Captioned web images
━━━━━━
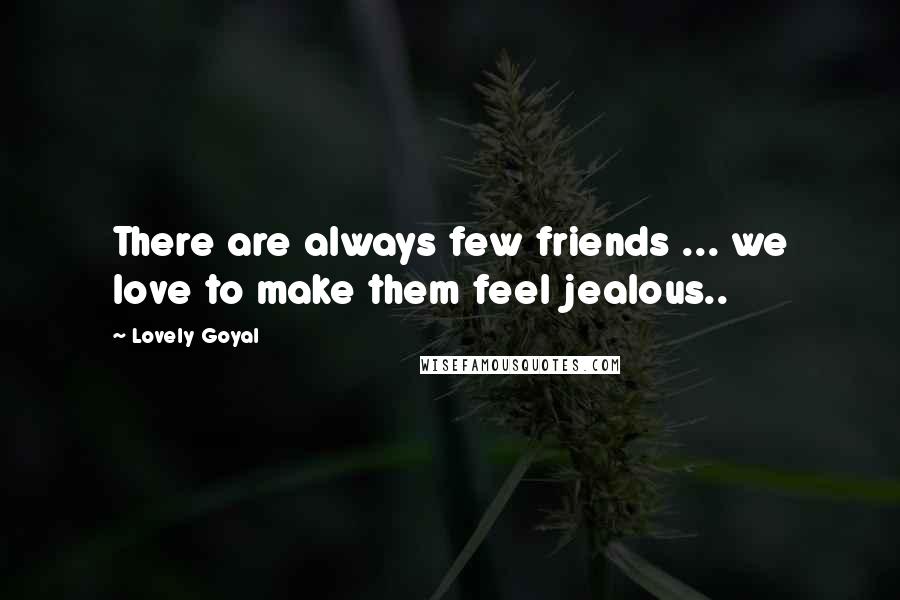 Lovely Goyal Quotes: There are always few friends ... we love to make them feel jealous..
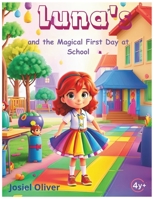 Luna's and the Magical First Day at School: and the Magical First Day at School B0CWXKYCW8 Book Cover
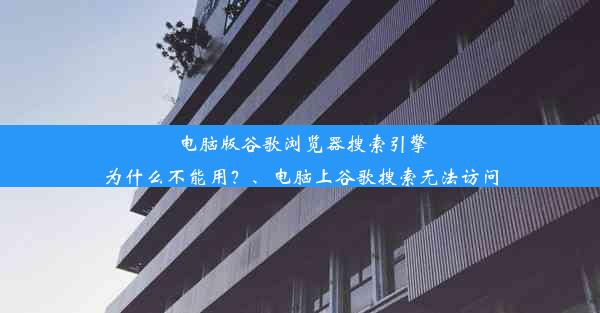 电脑版谷歌浏览器搜索引擎为什么不能用？、电脑上谷歌搜索无法访问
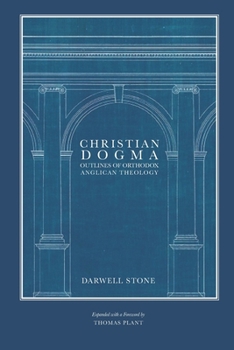 Christian Dogma : Outlines of Orthodox Anglican Theology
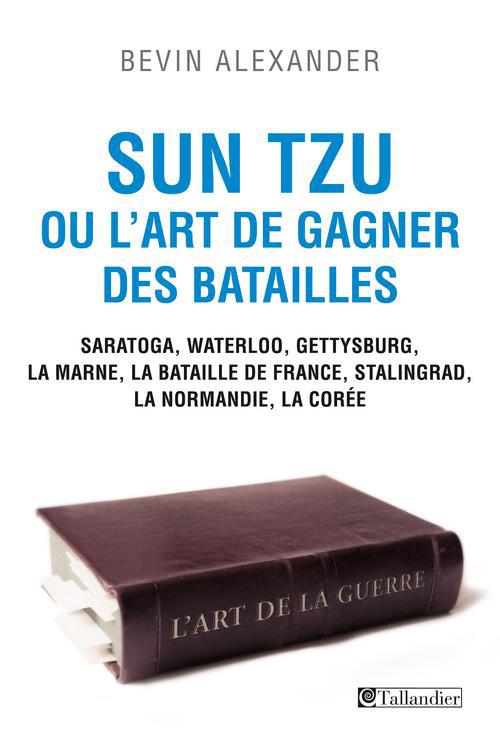Sun Tzu ou l'art de gagner des batailles. Saratoga, Waterloo, Gettysburg, La Marne, La bataille de F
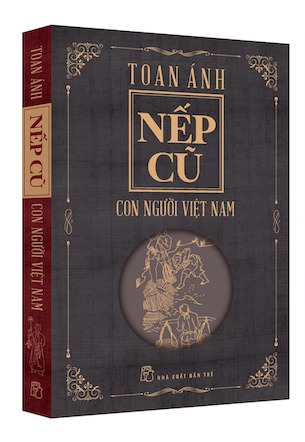 Combo 4 Cuốn Nếp Cũ - Con Người Việt Nam - Hội Hè Đình Đám - Làng Xóm Việt Nam - Tín Ngưỡng Việt Nam - Toan Ánh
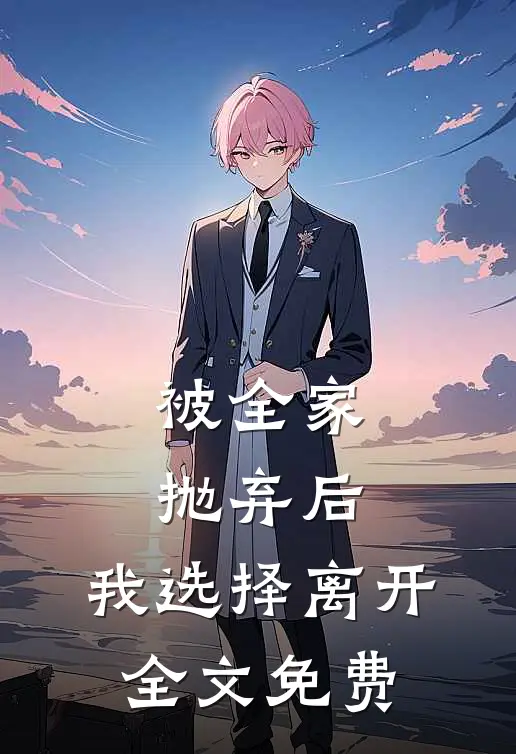 被全家抛弃后,我选择离开全文免费观看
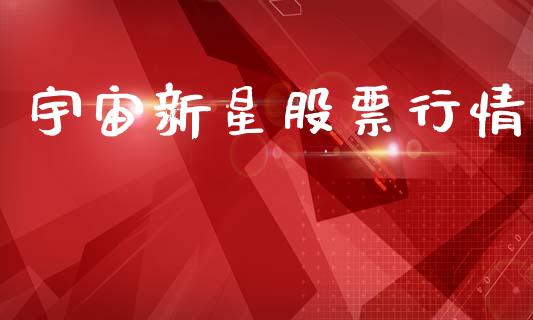 宇宙新星股票行情_https://qh.lansai.wang_新股数据_第1张
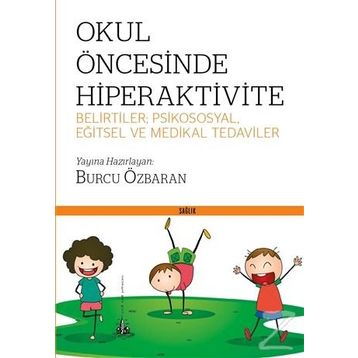 Okul Öncesinde Hiperaktivite - Burcu Özbaran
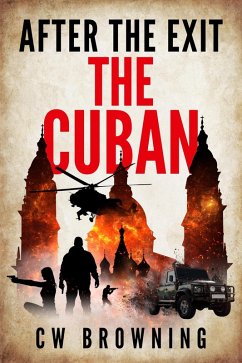The Cuban (After the Exit, #1) (eBook, ePUB) - Browning, Cw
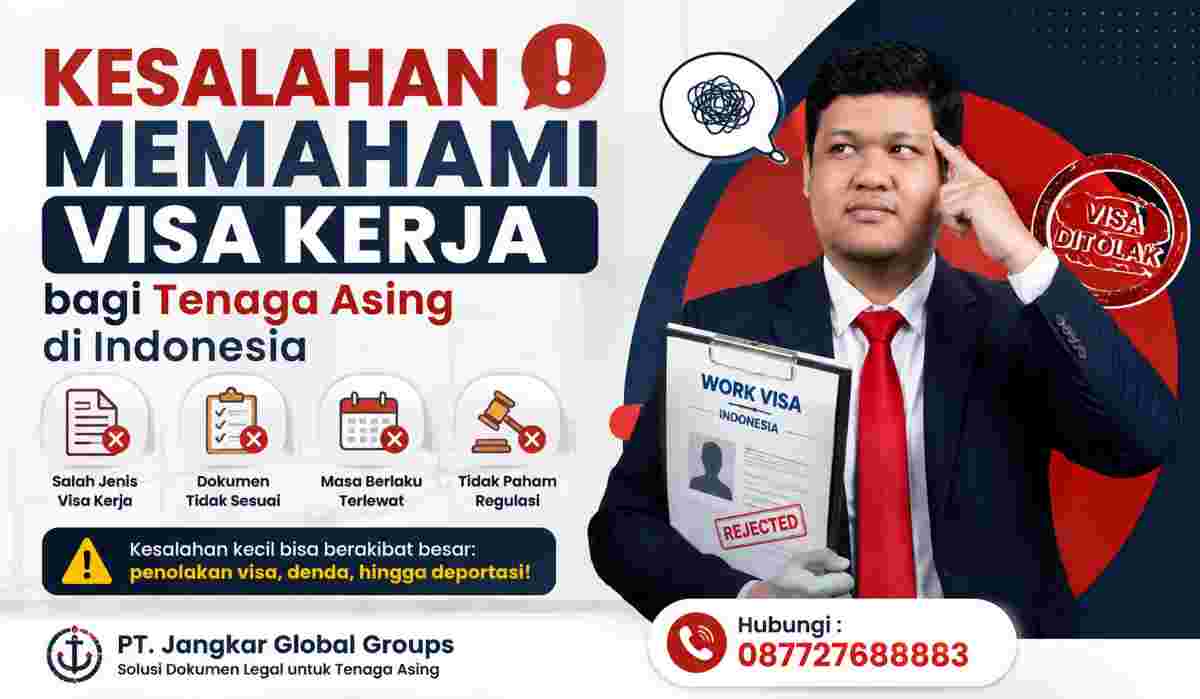 Kesalahan Memahami Visa Kerja bagi Tenaga Asing di Indonesia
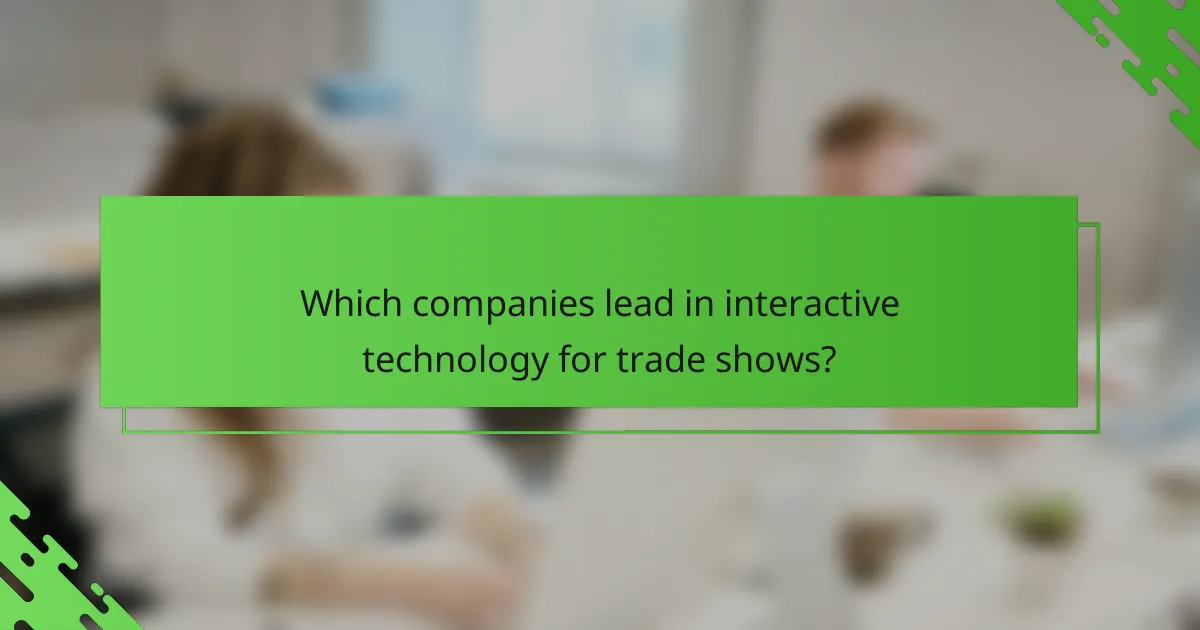 Which companies lead in interactive technology for trade shows?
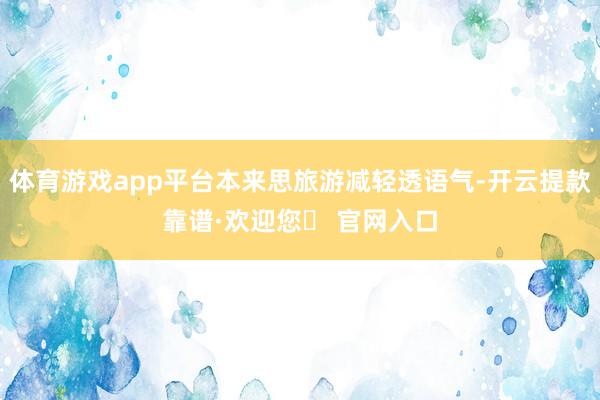 体育游戏app平台本来思旅游减轻透语气-开云提款靠谱·欢迎您✅ 官网入口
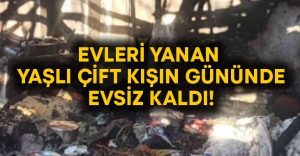 Yaşlı çift kış günü evsiz kaldı!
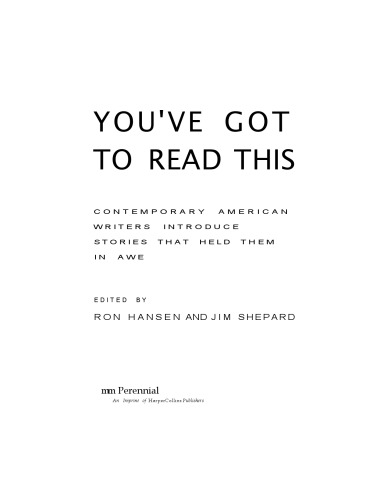 You've Got to Read This: Contemporary American Writers Introduce Stories that Held Them in Awe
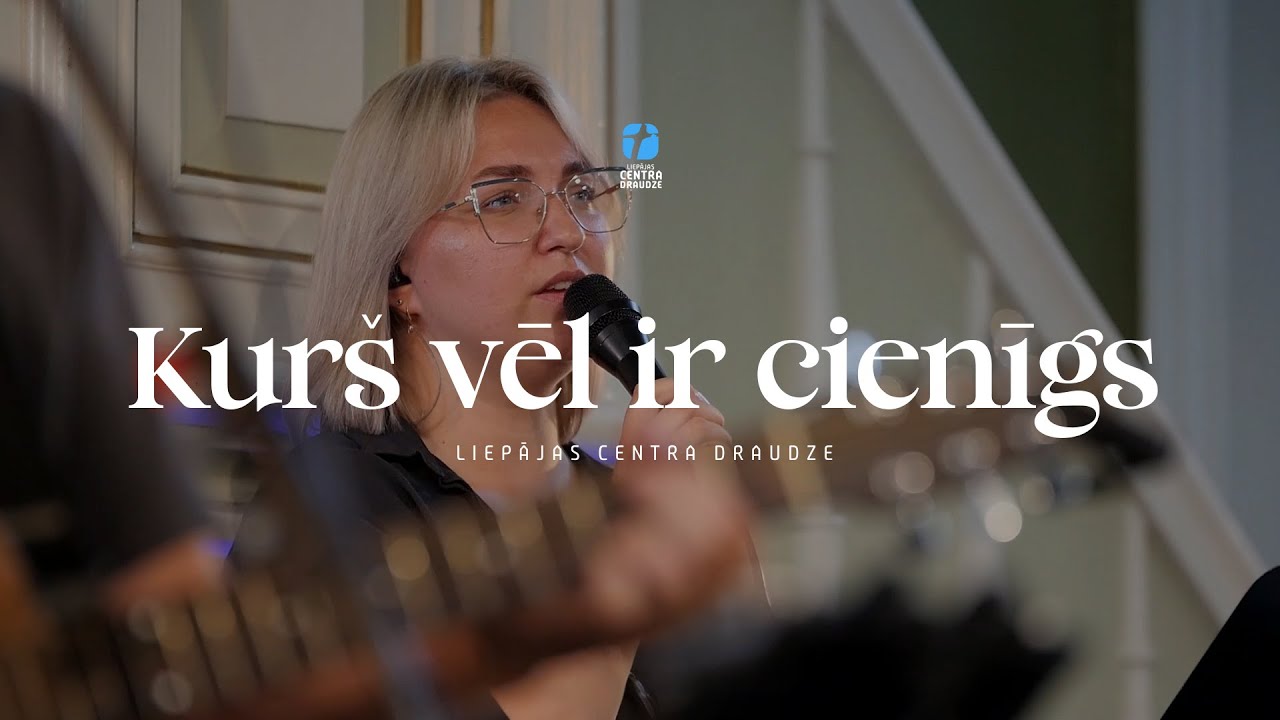 Kurš vēl ir cienīgs - Centra Draudze, Slavēšana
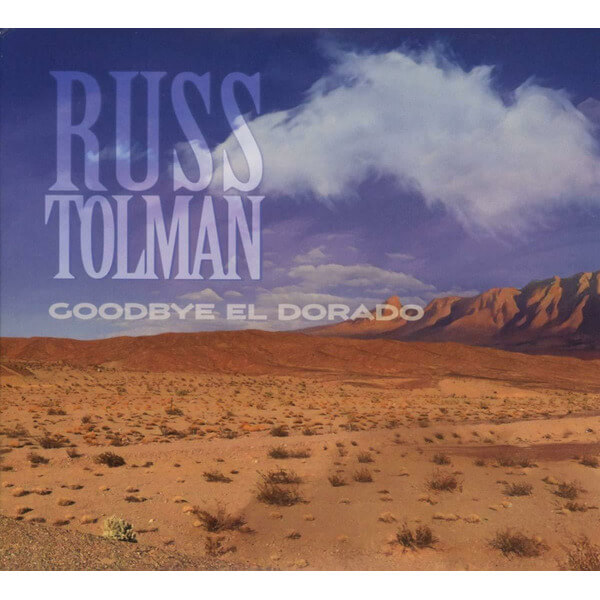 Russ Tolman - Goodbye El Dorado - 2CD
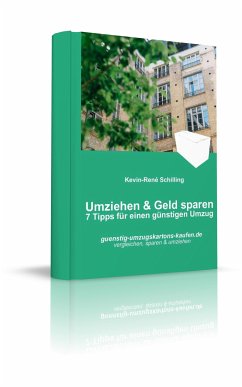 Umziehen und Geld sparen (eBook, ePUB) - Schilling, Kevin-René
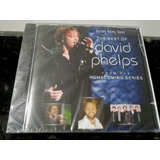 Cd David Phelps The Best Of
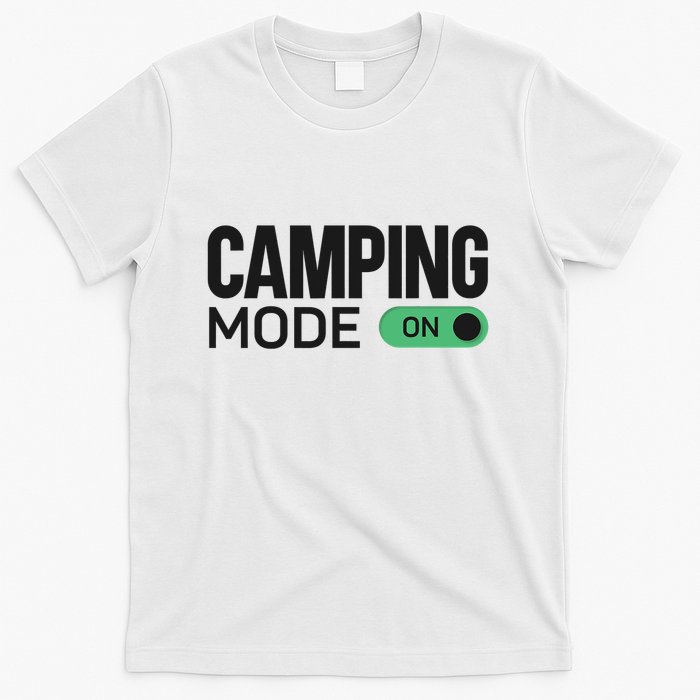 Camping Mode On Tent T-Shirt
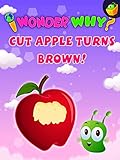I Wonder Why? Cut Apple Turns Brown!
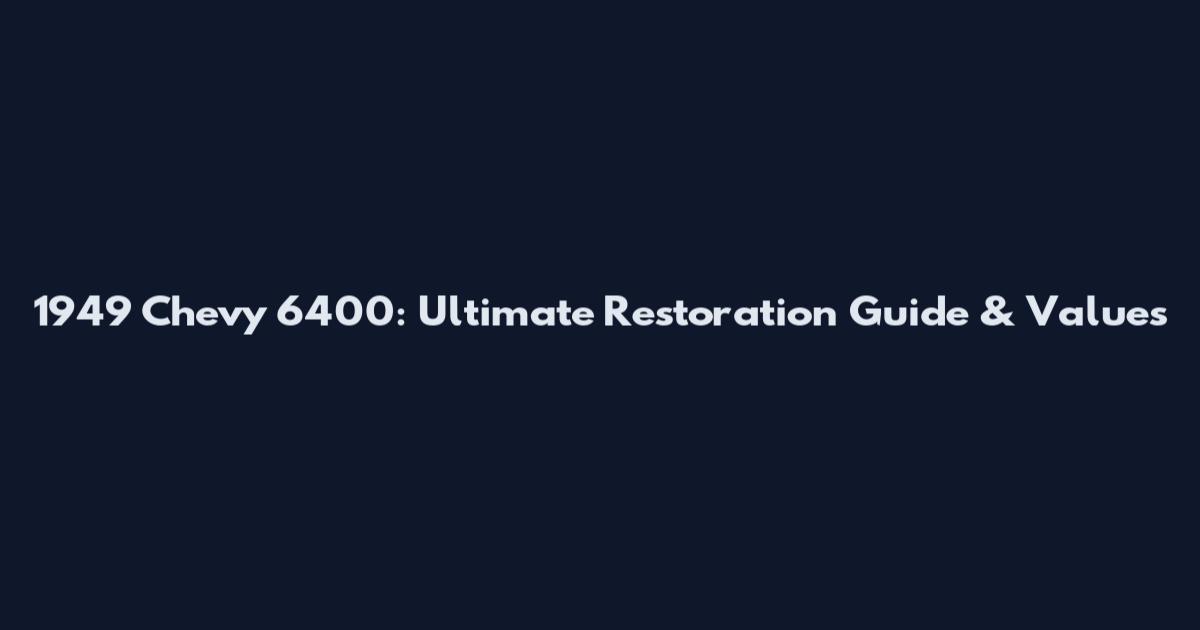 1949 Chevy 6400: Ultimate Restoration Guide & Values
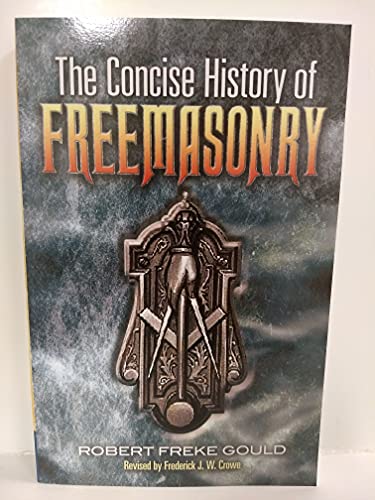 Stock image for The Concise History of Freemasonry (Dover Occult) for sale by HPB-Diamond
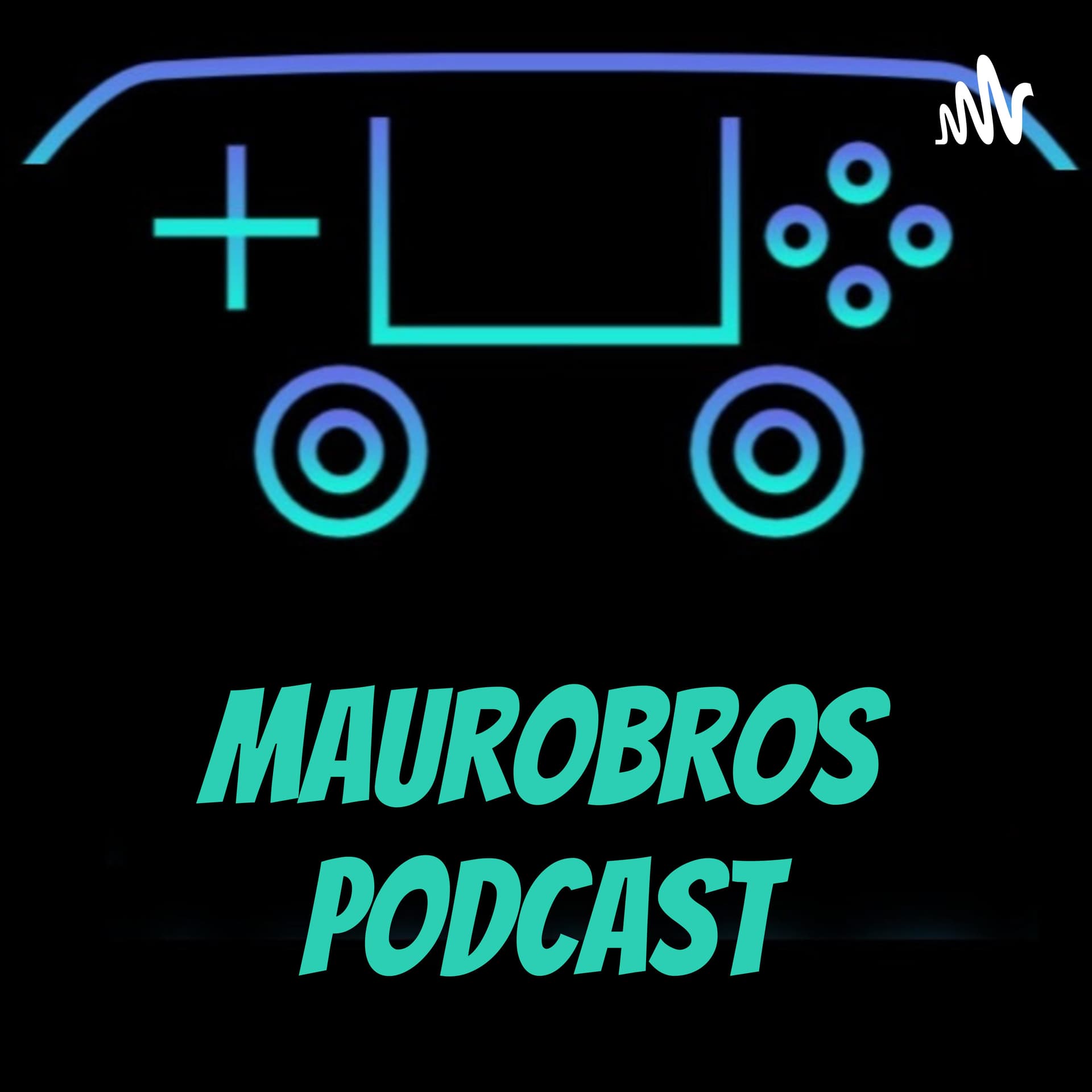 MauroBros Podcast - Podcasts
━━━━━━
### Work instruction
Leave the images out and print each entry exactly.

### Written solution
 Lovely Goyal Quotes: There are always few friends ... we love to make them feel jealous..
 Luna's and the Magical First Day at School: and the Magical First Day at School B0CWXKYCW8 Book Cover
 电脑版谷歌浏览器搜索引擎为什么不能用？、电脑上谷歌搜索无法访问
 Christian Dogma : Outlines of Orthodox Anglican Theology
Sun Tzu ou l'art de gagner des batailles. Saratoga, Waterloo, Gettysburg, La Marne, La bataille de F
 Combo 4 Cuốn Nếp Cũ - Con Người Việt Nam - Hội Hè Đình Đám - Làng Xóm Việt Nam - Tín Ngưỡng Việt Nam - Toan Ánh
 被全家抛弃后,我选择离开全文免费观看
 宇宙新星股票行情_https://qh.lansai.wang_新股数据_第1张
 Okul Öncesinde Hiperaktivite - Burcu Özbaran
The Cuban (After the Exit, #1) (eBook, ePUB) - Browning, Cw
 Kesalahan Memahami Visa Kerja bagi Tenaga Asing di Indonesia
 Which companies lead in interactive technology for trade shows?
 体育游戏app平台本来思旅游减轻透语气-开云提款靠谱·欢迎您✅ 官网入口
 Yaşlı çift kış günü evsiz kaldı!
 You've Got to Read This: Contemporary American Writers Introduce Stories that Held Them in Awe
 Kurš vēl ir cienīgs - Centra Draudze, Slavēšana
 Russ Tolman - Goodbye El Dorado - 2CD
 Umziehen und Geld sparen (eBook, ePUB) - Schilling, Kevin-René
 Cd David Phelps The Best Of
 Camping Mode On Tent T-Shirt
I Wonder Why? Cut Apple Turns Brown!
 1949 Chevy 6400: Ultimate Restoration Guide & Values
 Stock image for The Concise History of Freemasonry (Dover Occult) for sale by HPB-Diamond
 MauroBros Podcast - Podcasts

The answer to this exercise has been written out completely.